Menurut biografi Ali yang tampil di situs online Gedung Putih, "Ia akan bertanggung jawab memberikan konseling kepada klien terkait merger dan akuisisi, transaksi di wilayah perbatasan, transaksi berbasis Syariah, proyek keuangan dan persoalan seputar bisnis internasional. Saat ia masih bersama Hogan Lovells, ia jugam menjadi salah satu anggota pendiri kantor cabang di Abu Dhabu.
Hogan Lovells mencatat pengalaman Ali dalam memberi konsultasi kepada sebuah universitas di Timur Tengah dalam pendirian program Pinjaman Siswa Berbasis Syariah dan Bantuan Asing Konvensional. Ia juga pernah terlibat dalam konsultasi dengan satu klien di Timur Tengah dalam kaitan persoalan subkontrak pemerintah AS.
Teroris bukanlah Muslim
Ali menerima gelar sarjana hukum dari Vanderbilt Law School dan menjadi presiden lembaga mahasiswa tertinggi di Vanderbilt dari keturunan Arab-Muslim kali pertama. Ia juga sempat magang di Islamic International Arab Bank di Amman, Jordan.
Menurut keterangan Vanderbilt, ibu Ali berimigrasi ke AS dari Syiria dan ayahnya adalah seorang Palestina. Ia meninggalkan Tepi Barat, Ramallah, pada usia 17 tahun.
Pemerintah Amerika menulis bahwa Ali menuturkan ajaran orangtuanya kepadanya untuk "tak pernah melupakan asal dari mana kamu datang dan tidak melupakan di mana kita sekarang." Ali berkata, "Saya akan selalu menjadi seorang Arab, saya akan selalu menjadi seorang Amerika dan Saya akan selalu menjadi seorang Muslim."
Ali juga punya pendapat sendiri tentang serangan teroris 11 September di WTC. Di depan pendengar saat hari layaan peringatan kampus ia berbicara, "Dalam opini saya, Al Qaidah mencoba menghancurkan reputasi Islam dan kami tidak akan membiarkan mereka memenangkan pertarungan ini. Jikaseseorang memiliki agenda politis, mereka perlu menyebut jelas dan tidak melapisi dengan kedok agama atau menggunakan agama untuk mencapai tujuan politiknya. Itu sama sekali tak bisa diterima,"

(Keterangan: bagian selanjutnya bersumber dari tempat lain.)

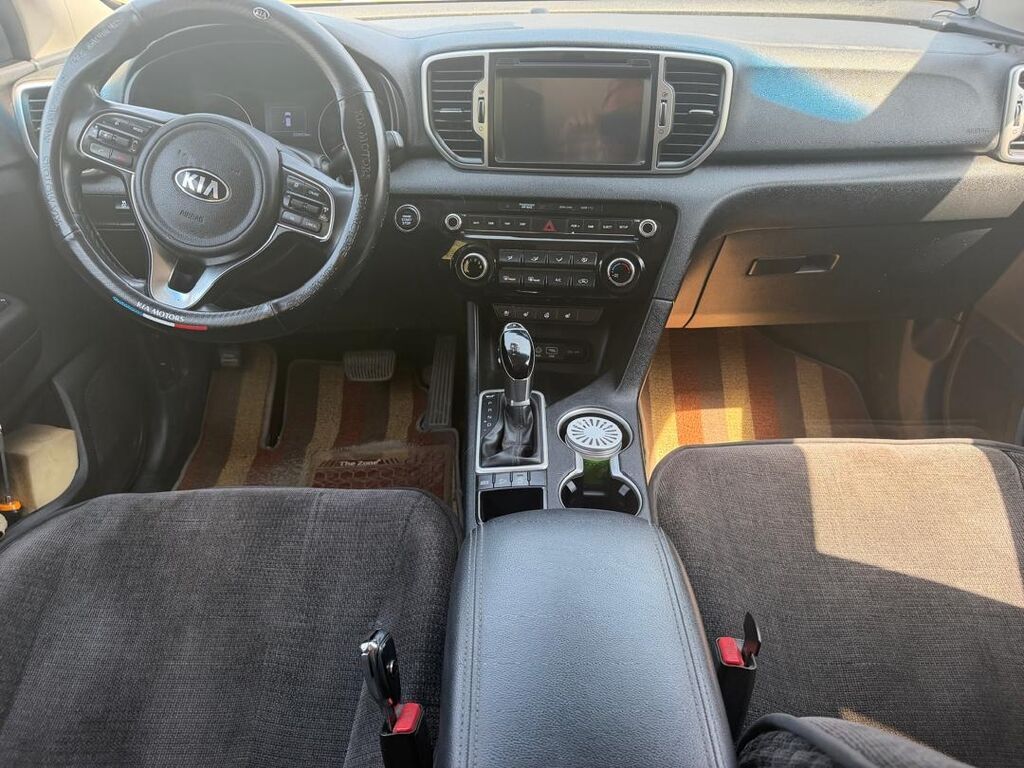Kia Sportage: 2017 г., 2 л, Автомат, Дизель, Кроссовер: фото 6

"Karena itulah, saya cemas akan banyak anggota masyarakat tidak akan menyadari bahwa hanya karena saya dan beberapa orang adalah Muslim dan Arab, bukan berarti kami menjadi bagian atau bahkan setuju dengan teroris yang menyebabkan tragedi 11 September," ujarnya.

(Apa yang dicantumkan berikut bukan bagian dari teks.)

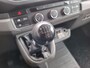 Volkswagen Crafter 35 2.0TDI 177pk! L3H3 EL Highline Trekhaak Camera Navi PDC-a+v Dab Treeplanken Schuifdeur Bluetooth EURO-6 CruiseControl Voorruitverwarming Betonplex-Vloer Wandbetimmering Aut.Verlichting Elek.Ramen/Spiegels Euro 6 Krachtige motor 177pk/410Nm zorgt voor 3.500 kg Trekgewicht!
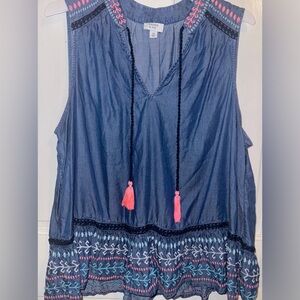 Women’s Crown & Ivy Top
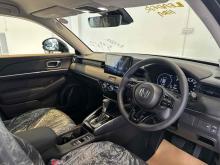 https://riyasewana.com/uploads/honda-vezel-z-199565424711.jpg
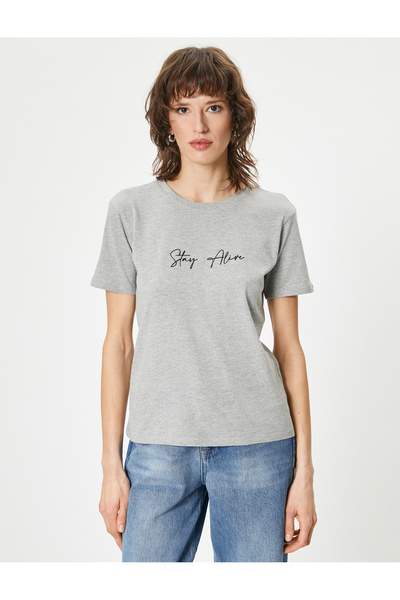 Koton Potištěné tričko s krátkým rukávem a výstřihem bavlna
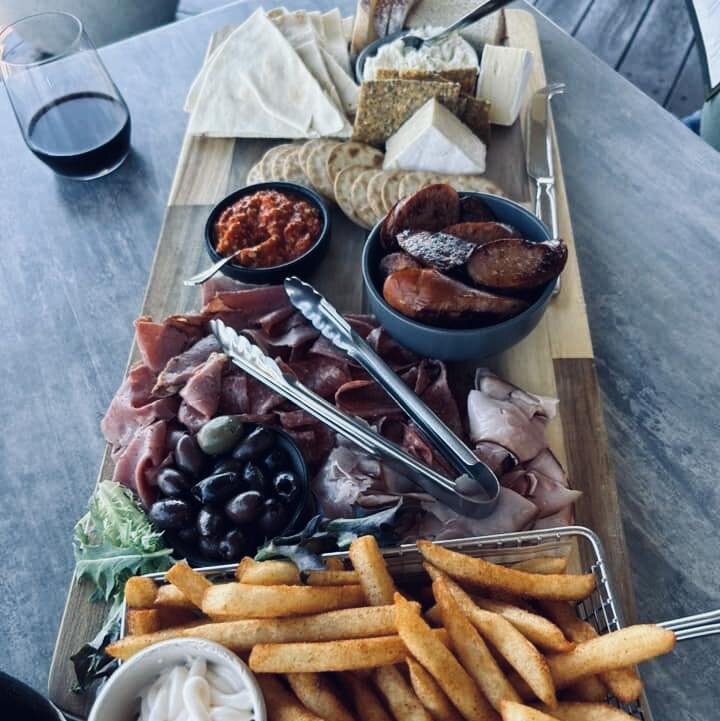 Your Friday food inspiration coming in hot ✨ Enjoy one of our famous platters (with a cheeky side of chips 😉) this weekend. Tables on the deck available - pop on our website or phone the cellar door to book&hellip;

"Kami bahkan tak menganggap teroris itu Muslim. Saya cemas orang-orang akan dibingungkan antara Islam dan Usamah Bin Ladin dengan agendanya, bahwa mereka dibalikkan antara agenda Usamah dengan agenda seluruh pemeluk Islam," imbuh dia.
Reaksi Kontra
Sistem perbankan syariah menjadi kian populer, juga di AS. Keuangan berbasis hukum Islam itu telah mencapai transaksi senila 800 milyar dolar pada pertengahan 2007 dan tumbuh hingga lebih dari 15 persen per tahun.

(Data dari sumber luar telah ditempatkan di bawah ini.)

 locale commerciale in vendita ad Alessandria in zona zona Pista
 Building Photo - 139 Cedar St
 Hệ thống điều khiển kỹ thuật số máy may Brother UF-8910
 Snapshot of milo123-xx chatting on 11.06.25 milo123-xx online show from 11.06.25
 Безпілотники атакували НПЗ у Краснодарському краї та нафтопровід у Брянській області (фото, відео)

Wall Street, kini bahkan memasukan dana mutual Islami dan indeks saham bisnis syariah di papan lantai bursanya. Namun kritik dan serangan tetap saja mewarnai hal berbau Islam di Barat, termasuk keuangan syariah. Sejumlah pengamat mengklaim teroris anti-Amerika sering mendapat dukungan dana dari investasi di AS--terutama yang dihasilkan dari sistem yang dibangun oleh 'musuh'.
Dalam sebuah essay yang muncul pada Juli 2008, berjudul "Financial Jihad: What Americans Need to Know,"
Wakil Presiden Pusat Kebijakan Keamanan, Christopher Holton menulis, "Amerika kalah dalam perang teror keuangan karena Wall Street menerima ideologi subversive musuh dan di satu sisi sama dengan memberi dukungan hidup korporat yang menjadi sponsor terorisme."
Tulisan Holton tersebut mengacu pada Keuangan berbasis Syariah. Ia pun menyebut keuangan Islami sebagai "kuda Trojan moderen" yang menyusup ke AS.
Holton menekankan bahwa sistem keuangan itu berpotensi mengancam AS karena mereka mencari celah melegitimasi Syariah--doktrin yang ia sebut diciptakan seorang pria di abad pertengahan--untuk mengatur setiap aspek kehidupan Muslim. Kondisi itu secara mutlak, ia anggap akan mengubah kehidupan dan hukum di Amerika.
Sejumlah advokat juga menentang keuangan syariah dan mengklaim sistem itu bertanggung jawab terhadap perubahan sosial. Mereka menuding karena keuangan syariah melarang investor untuk mendanai perusahaan yang menjual atau mempromosikan produk-produk seperti alkohol, tembakau, pornografi, judi dan bahkan babi.